According to PhD Economists at the University of Chicago Booth School of Business,

The storm that rocked the world economy in 2008 involved many forces, hitting financial, housing and broader sectors of the economy all at once. As the world continues to reform and reflect on the lessons of that crisis, we note the broad consensus that has emerged among economists about what happened. In a recent survey we conducted, European and US economists alike emphasized the crucial role of flawed and fragile financial infrastructure in bringing the world economy to the brink. [emphasis added]

The survey was conducted by the Initiative on Global Markets Forum.

We asked the panel (along with the IGM’s US-based panel) to rate the importance of 12 potential factors, on a scale from 0 to 5, “in contributing to the 2008 global financial crisis”.

The 12 potential factors were:

  1. Inadequate or flawed regulation, supervision, or both with respect to the financial sector (which includes financial infrastructure, banks, shadow banks, and interconnections in the system)

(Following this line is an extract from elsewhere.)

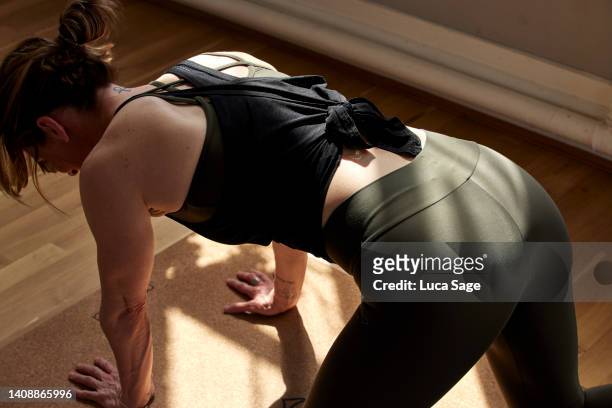 athletic female  practising yoga in a sunny studio - leggings foto e immagini stock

  2. Underestimation of the riskiness of securities created with financial engineering

  3. Bad incentives, fraud, or both in mortgage issuance and securitization

  4. Funding runs involving short-term liabilities financing long-term assets

  5. Failures by rating agencies

  6. Inflated beliefs about housing prices

  7. Elevated levels of US household debt as of 2007

  8. A belief by bankers that their institutions were Too Big to Fail

  9. Government involvement in subsidizing mortgages, homeownership, or both

  10. Imbalances between global savings and well-functioning channels for investing those savings

  11. Loose monetary policy by the Fed, by central banks around the world, or both

  12. Fair value or mark-to-market accounting for financial assets held by banks

So which of these factors did the PhD Economists think played the most prominent role in the crisis?

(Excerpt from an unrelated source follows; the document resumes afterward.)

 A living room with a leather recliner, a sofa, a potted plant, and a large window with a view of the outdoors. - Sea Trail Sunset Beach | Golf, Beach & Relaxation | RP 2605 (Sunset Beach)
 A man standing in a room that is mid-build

The factors receiving the most weight were those related specifically to the infrastructure and plumbing of the financial sector: in particular, those involving its safeguards against mismanaged risks. At the top of the list was “inadequate or flawed regulation, supervision, or both with respect to the financial sector”. Underestimated risk associated with financial engineering was next, and the role of funding runs involving short-term liabilities was also rated highly as a contributing factor….Of course, many of the forces at work in the crisis were interconnected. And future economic shocks may differ from past ones….. Yet if policymakers want to know what economists believe were the biggest sources of trouble a decade ago – and arguably, therefore, the most in need of reform and repair – financial sector plumbing is the place to focus. [emphasis added]

The first thing regular readers will notice is how close to, but yet so far from, a coherent explanation of the drivers of the 2008 financial crisis the PhD Economists are.  Based on their rankings, the PhD Economists understood regulators failed and investors underestimated risk.

So what do the PhD Economists suggest should be done?

Place our trust in the same regulators who showed they were not up to the task of preventing a financial crisis.  Apparently engaging in the equivalent of rearranging the old and adding new deck chairs on the Titanic will make the regulators fit for this purpose going forward.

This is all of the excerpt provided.